The results presented in
Table 4 showed that for poorly polar binding pockets (less than 25% of polar residues) AutoDock was on average better than Vina in discriminating between ligands and decoys, particularly among the top 1% of ranked solutions. For moderately polar and very polar binding pockets, Vina exhibited a better performance than AutoDock. The results also showed that both programs had more difficulty in discriminating ligands and decoys for very polar binding pockets (>35% of polar amino acid residues).
In terms of the percentage of hydrophobic residues, the results showed that Vina was significantly better than AutoDock in ligand/decoy discrimination for poorly hydrophobic binding pockets. As the percentage of hydrophobic residues at the binding pocket increased, the performance of Vina and AutoDock became increasingly similar, both in terms of EC1% and in terms of AUC values.
In terms of charge, the results showed that AutoDock was better in discriminating ligands and decoys in poorly charged binding pockets (<15%) than in moderate or highly charged ones. Vina, on the other hand, gave best results in highly charged binding pockets. These general tendencies concerning the presence of a charge at the binding pocket were also observed when particularly looking into positively charged residues or into negatively charged residues.
In general, these results showed that AutoDock was better in discriminating ligands and decoys in more hydrophobic, poorly polar, and poorly charged pockets, while Vina exhibited early recognition metrics that did not vary so significantly with the type of amino acid residues at the binding pocket.
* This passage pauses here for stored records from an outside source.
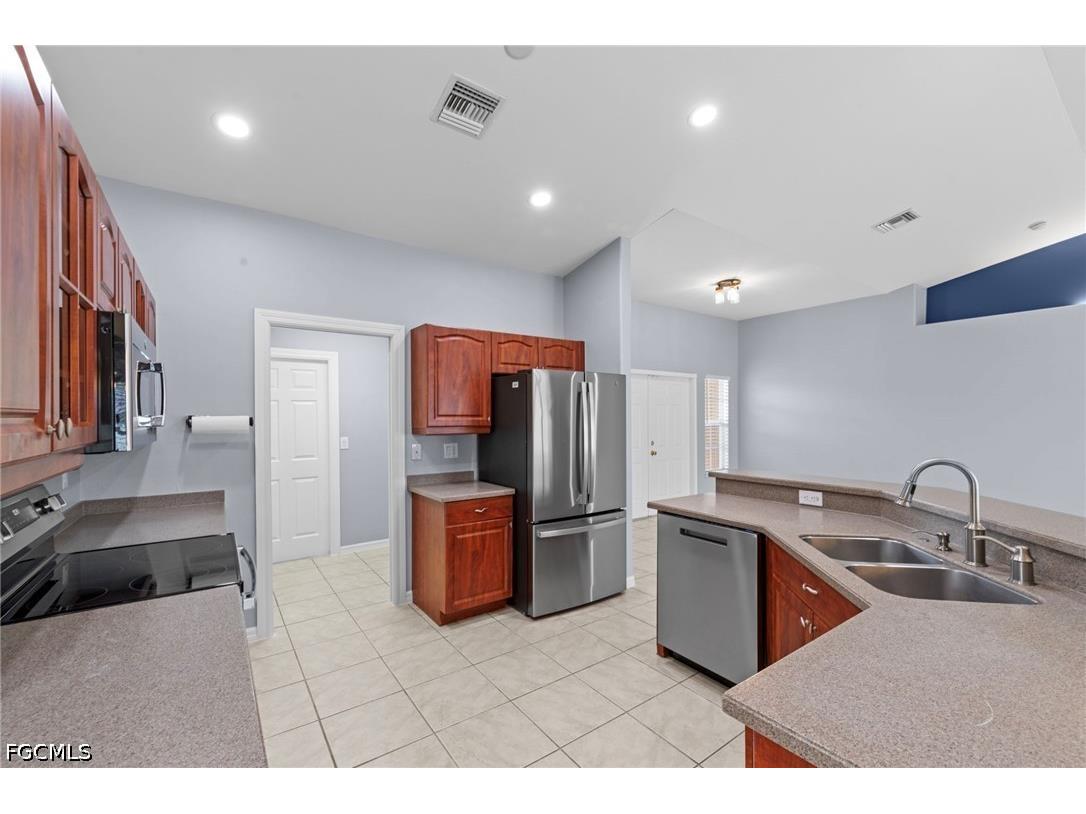 525 NE 6th Avenue Cape Coral FL 33909 2026017735 image12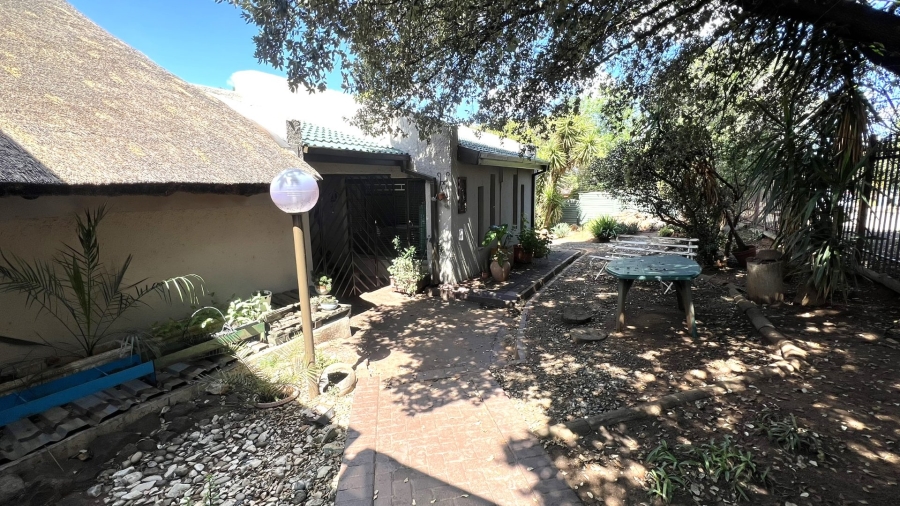 4 Bedroom Property for Sale in Pellissier Free State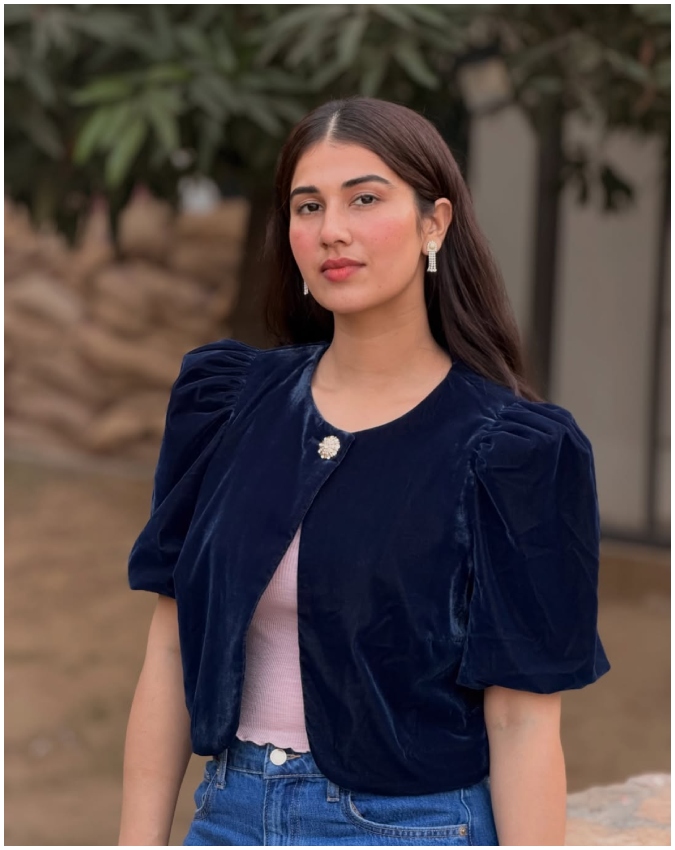 Pari Pandher-1-2-3-4-5-6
Vina tended to give better results for polar and charged binding pockets, which was particularly interesting, taking into consideration that the scoring function of Vina did not explicitly include charges, while that of AutoDock had an explicit electrostatic term.
3.2. Substrates
The type of molecule to be evaluated and its physico-chemical characteristics also offer different challenges for virtual screening, in terms of docking and its ability to discriminate between actives and decoys. For each specific target, the decoys included in the DUD–E were generated by having similar 1-D physico-chemical properties to the actives from which they originated, to remove bias [
32]. Hence, to analyze how the different substrate properties affected the discriminating ability of each target, the physical properties of all actives identified in the ligands ranked as the top 1% were evaluated and compared with the other actives that were ranked the worst.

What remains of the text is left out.